- TASK ITEM
Go through the entries below and print, exactly, the lines starting at the one with "Modern grey bathroom" and ending at the one with "Tanya Plibersek marches", keeping both ends and no others.
*** Block opens ***
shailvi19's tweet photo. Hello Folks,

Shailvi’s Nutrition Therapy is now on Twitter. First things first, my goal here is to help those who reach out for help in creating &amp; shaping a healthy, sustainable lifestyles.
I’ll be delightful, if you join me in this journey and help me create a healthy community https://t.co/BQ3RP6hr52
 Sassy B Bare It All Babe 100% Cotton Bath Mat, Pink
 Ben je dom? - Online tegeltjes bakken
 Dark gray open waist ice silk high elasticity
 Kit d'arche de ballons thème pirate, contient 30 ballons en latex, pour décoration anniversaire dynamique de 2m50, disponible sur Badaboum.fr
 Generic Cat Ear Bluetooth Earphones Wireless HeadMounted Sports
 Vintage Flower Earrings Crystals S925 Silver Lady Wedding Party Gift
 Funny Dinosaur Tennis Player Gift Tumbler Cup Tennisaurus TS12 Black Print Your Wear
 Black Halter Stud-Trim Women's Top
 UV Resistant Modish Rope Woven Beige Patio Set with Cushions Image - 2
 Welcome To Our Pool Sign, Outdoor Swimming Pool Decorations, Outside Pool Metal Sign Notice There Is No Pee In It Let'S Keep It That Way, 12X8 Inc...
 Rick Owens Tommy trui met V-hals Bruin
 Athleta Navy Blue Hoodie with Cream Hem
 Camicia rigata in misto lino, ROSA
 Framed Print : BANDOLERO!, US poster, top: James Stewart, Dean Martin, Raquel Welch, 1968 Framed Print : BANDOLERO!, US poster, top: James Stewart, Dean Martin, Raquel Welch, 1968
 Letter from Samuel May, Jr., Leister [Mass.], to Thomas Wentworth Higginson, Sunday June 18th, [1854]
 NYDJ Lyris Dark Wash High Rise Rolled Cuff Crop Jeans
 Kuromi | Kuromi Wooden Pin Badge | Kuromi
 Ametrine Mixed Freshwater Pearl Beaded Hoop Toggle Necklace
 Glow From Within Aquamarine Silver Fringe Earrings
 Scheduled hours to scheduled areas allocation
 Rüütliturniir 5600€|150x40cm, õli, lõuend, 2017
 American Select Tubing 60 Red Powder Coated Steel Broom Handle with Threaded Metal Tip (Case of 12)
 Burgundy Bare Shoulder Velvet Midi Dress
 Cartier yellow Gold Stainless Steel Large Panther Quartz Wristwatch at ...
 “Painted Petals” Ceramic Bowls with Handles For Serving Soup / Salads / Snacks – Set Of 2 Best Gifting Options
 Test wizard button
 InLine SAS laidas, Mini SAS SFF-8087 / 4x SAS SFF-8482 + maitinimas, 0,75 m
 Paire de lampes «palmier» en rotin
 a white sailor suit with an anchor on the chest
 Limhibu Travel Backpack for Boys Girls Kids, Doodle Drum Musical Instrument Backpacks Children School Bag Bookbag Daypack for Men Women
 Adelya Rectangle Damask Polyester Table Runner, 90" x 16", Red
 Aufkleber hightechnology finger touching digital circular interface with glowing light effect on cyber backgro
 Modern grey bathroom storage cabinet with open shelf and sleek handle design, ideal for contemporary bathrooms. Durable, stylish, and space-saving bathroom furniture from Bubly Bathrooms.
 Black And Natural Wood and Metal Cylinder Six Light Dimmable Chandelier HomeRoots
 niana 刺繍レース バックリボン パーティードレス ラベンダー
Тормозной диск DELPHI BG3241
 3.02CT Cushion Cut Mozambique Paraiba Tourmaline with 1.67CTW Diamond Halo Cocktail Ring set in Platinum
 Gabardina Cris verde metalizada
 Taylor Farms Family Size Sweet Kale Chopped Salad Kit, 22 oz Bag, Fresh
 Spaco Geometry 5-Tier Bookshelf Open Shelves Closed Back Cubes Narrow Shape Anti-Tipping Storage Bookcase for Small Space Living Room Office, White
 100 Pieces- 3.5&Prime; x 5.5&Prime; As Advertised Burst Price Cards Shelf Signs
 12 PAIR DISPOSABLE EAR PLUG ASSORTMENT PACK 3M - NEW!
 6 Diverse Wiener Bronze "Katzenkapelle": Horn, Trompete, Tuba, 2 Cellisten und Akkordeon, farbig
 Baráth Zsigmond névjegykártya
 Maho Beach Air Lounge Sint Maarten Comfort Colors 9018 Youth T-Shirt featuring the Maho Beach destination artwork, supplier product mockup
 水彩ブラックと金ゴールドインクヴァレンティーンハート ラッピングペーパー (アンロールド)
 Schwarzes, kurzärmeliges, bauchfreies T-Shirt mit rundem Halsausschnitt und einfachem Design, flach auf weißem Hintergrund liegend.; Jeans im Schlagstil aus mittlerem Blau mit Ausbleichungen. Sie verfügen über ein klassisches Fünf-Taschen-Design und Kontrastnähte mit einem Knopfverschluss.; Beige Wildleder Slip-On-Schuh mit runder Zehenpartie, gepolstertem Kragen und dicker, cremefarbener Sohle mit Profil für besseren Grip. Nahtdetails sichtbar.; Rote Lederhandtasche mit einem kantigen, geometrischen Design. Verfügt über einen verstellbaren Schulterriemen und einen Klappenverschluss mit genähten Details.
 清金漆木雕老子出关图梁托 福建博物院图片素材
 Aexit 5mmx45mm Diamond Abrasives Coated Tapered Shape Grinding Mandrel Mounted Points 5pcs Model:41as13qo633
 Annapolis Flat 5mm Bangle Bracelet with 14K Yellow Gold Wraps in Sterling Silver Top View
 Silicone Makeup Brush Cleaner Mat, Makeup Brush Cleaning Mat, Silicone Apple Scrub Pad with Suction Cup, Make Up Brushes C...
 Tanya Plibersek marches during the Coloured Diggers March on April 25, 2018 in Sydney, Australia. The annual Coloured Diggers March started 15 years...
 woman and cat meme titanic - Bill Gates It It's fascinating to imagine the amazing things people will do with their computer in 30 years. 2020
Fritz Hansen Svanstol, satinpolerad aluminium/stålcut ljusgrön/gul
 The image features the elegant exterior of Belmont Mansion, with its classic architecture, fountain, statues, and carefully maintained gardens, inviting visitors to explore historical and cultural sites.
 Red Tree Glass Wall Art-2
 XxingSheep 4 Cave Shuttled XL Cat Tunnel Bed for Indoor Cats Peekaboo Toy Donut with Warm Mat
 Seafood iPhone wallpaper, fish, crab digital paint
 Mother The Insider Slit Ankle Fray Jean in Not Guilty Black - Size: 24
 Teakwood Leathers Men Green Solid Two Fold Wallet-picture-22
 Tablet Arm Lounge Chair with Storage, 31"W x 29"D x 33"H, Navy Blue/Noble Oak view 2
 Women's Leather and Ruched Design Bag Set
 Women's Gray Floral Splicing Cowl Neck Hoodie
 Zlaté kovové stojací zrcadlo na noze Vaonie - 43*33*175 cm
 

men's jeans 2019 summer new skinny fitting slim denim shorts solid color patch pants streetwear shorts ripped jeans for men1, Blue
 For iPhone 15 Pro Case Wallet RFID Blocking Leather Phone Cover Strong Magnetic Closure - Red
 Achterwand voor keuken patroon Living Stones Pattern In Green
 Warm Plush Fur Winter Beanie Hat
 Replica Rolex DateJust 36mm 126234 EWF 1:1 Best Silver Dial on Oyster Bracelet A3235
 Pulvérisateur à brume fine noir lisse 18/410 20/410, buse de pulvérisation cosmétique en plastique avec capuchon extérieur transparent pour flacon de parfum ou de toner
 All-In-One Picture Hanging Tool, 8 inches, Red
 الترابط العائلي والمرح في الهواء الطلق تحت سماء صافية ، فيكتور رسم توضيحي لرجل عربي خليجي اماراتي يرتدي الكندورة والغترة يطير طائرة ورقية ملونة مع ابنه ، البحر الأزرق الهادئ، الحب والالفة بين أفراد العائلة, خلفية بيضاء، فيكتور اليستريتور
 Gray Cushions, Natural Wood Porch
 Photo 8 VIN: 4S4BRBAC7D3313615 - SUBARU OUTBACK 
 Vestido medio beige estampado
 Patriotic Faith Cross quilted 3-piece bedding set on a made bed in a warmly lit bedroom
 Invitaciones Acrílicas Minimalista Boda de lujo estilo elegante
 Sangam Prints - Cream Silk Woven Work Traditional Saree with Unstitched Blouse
*** Block closes ***
- RESULT FOR THIS TASK
 Modern grey bathroom storage cabinet with open shelf and sleek handle design, ideal for contemporary bathrooms. Durable, stylish, and space-saving bathroom furniture from Bubly Bathrooms.
 Black And Natural Wood and Metal Cylinder Six Light Dimmable Chandelier HomeRoots
 niana 刺繍レース バックリボン パーティードレス ラベンダー
Тормозной диск DELPHI BG3241
 3.02CT Cushion Cut Mozambique Paraiba Tourmaline with 1.67CTW Diamond Halo Cocktail Ring set in Platinum
 Gabardina Cris verde metalizada
 Taylor Farms Family Size Sweet Kale Chopped Salad Kit, 22 oz Bag, Fresh
 Spaco Geometry 5-Tier Bookshelf Open Shelves Closed Back Cubes Narrow Shape Anti-Tipping Storage Bookcase for Small Space Living Room Office, White
 100 Pieces- 3.5&Prime; x 5.5&Prime; As Advertised Burst Price Cards Shelf Signs
 12 PAIR DISPOSABLE EAR PLUG ASSORTMENT PACK 3M - NEW!
 6 Diverse Wiener Bronze "Katzenkapelle": Horn, Trompete, Tuba, 2 Cellisten und Akkordeon, farbig
 Baráth Zsigmond névjegykártya
 Maho Beach Air Lounge Sint Maarten Comfort Colors 9018 Youth T-Shirt featuring the Maho Beach destination artwork, supplier product mockup
 水彩ブラックと金ゴールドインクヴァレンティーンハート ラッピングペーパー (アンロールド)
 Schwarzes, kurzärmeliges, bauchfreies T-Shirt mit rundem Halsausschnitt und einfachem Design, flach auf weißem Hintergrund liegend.; Jeans im Schlagstil aus mittlerem Blau mit Ausbleichungen. Sie verfügen über ein klassisches Fünf-Taschen-Design und Kontrastnähte mit einem Knopfverschluss.; Beige Wildleder Slip-On-Schuh mit runder Zehenpartie, gepolstertem Kragen und dicker, cremefarbener Sohle mit Profil für besseren Grip. Nahtdetails sichtbar.; Rote Lederhandtasche mit einem kantigen, geometrischen Design. Verfügt über einen verstellbaren Schulterriemen und einen Klappenverschluss mit genähten Details.
 清金漆木雕老子出关图梁托 福建博物院图片素材
 Aexit 5mmx45mm Diamond Abrasives Coated Tapered Shape Grinding Mandrel Mounted Points 5pcs Model:41as13qo633
 Annapolis Flat 5mm Bangle Bracelet with 14K Yellow Gold Wraps in Sterling Silver Top View
 Silicone Makeup Brush Cleaner Mat, Makeup Brush Cleaning Mat, Silicone Apple Scrub Pad with Suction Cup, Make Up Brushes C...
 Tanya Plibersek marches during the Coloured Diggers March on April 25, 2018 in Sydney, Australia. The annual Coloured Diggers March started 15 years...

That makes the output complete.